ETL is a foundational concept in data engineering. It stands for Extract, Transform, and Load, and it describes the process of moving data from one system to another.
- Extract: This is the first step, where you pull raw data from its source. The source could be anything: a production database (like PostgreSQL), a third-party API (like the Stripe API), a set of log files, or CSVs in a storage bucket.
- Transform: Raw data is rarely in the perfect format for analysis. The transform step is where you clean it up. This can involve:
- Cleaning: Handling missing values or correcting data types.
- Enriching: Joining the data with another dataset to add more context.
- Aggregating: Grouping data and calculating sums, averages, or counts.
- Load: In the final step, you load the newly transformed data into its destination. This is often a data warehouse (like BigQuery or Snowflake) or a data lake, where it can be used for analytics, reporting, and machine learning.
Why You Need an Orchestrator
You could write a simple Python script to perform an ETL job and run it on a schedule using cron. But what happens when things get complex?
- What if Task B can only run after Task A succeeds? (Dependencies)
- What if a temporary network issue causes a task to fail? (Retries)
- How do you get alerted if the entire pipeline fails? (Monitoring & Alerting)
- How can you see the status of all your pipelines in one place? (Centralized UI)
This is where a workflow orchestrator like Apache Airflow comes in.
Introducing Apache Airflow
Airflow is an open-source platform to programmatically author, schedule, and monitor workflows. You don't drag-and-drop boxes; you define your pipelines in Python code.
Core Concepts
- DAG (Directed Acyclic Graph): The core of Airflow. A DAG is a Python script that defines your pipeline. It's a collection of all the tasks you want to run, organized in a way that shows their relationships and dependencies. It's "Directed" because tasks flow in one direction, and "Acyclic" because it cannot have loops.
- Operator: An Operator defines a single task in a DAG. Airflow has many pre-built operators:
- BashOperator: Executes a bash command.
- PythonOperator: Calls a Python function.
- PostgresOperator: Executes a SQL query against a PostgreSQL database.
- ...and thousands more for every popular service.

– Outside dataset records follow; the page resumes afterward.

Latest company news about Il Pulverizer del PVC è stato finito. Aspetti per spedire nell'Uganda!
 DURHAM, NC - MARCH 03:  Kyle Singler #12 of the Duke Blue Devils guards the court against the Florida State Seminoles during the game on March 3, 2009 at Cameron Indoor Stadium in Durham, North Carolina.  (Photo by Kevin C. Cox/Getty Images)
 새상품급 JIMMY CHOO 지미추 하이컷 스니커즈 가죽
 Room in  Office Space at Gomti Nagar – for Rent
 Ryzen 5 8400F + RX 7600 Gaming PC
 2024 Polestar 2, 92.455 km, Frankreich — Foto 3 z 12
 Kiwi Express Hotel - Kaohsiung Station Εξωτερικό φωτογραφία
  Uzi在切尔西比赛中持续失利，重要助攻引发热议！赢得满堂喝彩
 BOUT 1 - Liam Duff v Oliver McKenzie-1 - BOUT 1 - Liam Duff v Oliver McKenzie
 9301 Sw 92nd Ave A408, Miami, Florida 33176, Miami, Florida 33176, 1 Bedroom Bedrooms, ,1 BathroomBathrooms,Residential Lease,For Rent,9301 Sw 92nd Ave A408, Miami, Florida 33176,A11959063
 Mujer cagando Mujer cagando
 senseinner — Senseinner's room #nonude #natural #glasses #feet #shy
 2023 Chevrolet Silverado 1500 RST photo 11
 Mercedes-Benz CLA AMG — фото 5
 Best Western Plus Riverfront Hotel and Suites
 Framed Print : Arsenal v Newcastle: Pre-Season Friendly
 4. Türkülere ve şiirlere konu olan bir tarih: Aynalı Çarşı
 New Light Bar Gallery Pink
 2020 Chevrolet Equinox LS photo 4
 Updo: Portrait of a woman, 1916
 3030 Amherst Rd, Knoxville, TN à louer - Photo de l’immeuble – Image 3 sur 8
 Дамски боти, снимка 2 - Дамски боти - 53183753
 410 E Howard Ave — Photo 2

- Task: A task is a specific instance of an operator that runs at a certain time.
Building a Simple DAG
Let's create a basic DAG with three tasks: extract, transform, and load. Each will be a simple BashOperator that just prints a message.
dags/my_first_dag.py
Python
from __future__ import annotations
import pendulum
from airflow.models.dag import DAG
from airflow.operators.bash import BashOperator
# Define the DAG
with DAG(
dag_id="my_first_dag",
start_date=pendulum.datetime(2025, 1, 1, tz="UTC"),
schedule="@daily", # Run this pipeline once per day
catchup=False,
tags=["example"],
) as dag:
# Define the first task (Extract)
extract_task = BashOperator(
task_id="extract",
bash_command="echo 'Extracting data...'",
)
# Define the second task (Transform)
transform_task = BashOperator(
task_id="transform",
bash_command="echo 'Transforming data...'",
)
# Define the third task (Load)
load_task = BashOperator(
task_id="load",
bash_command="echo 'Loading data...'",
)
# Set the task dependencies
# This means: extract_task must complete successfully before transform_task can start, and so on.
extract_task >> transform_task >> load_task
When you place this file in your Airflow dags folder, the Airflow UI will pick it up and you'll see a visual representation of your pipeline, ready to be scheduled.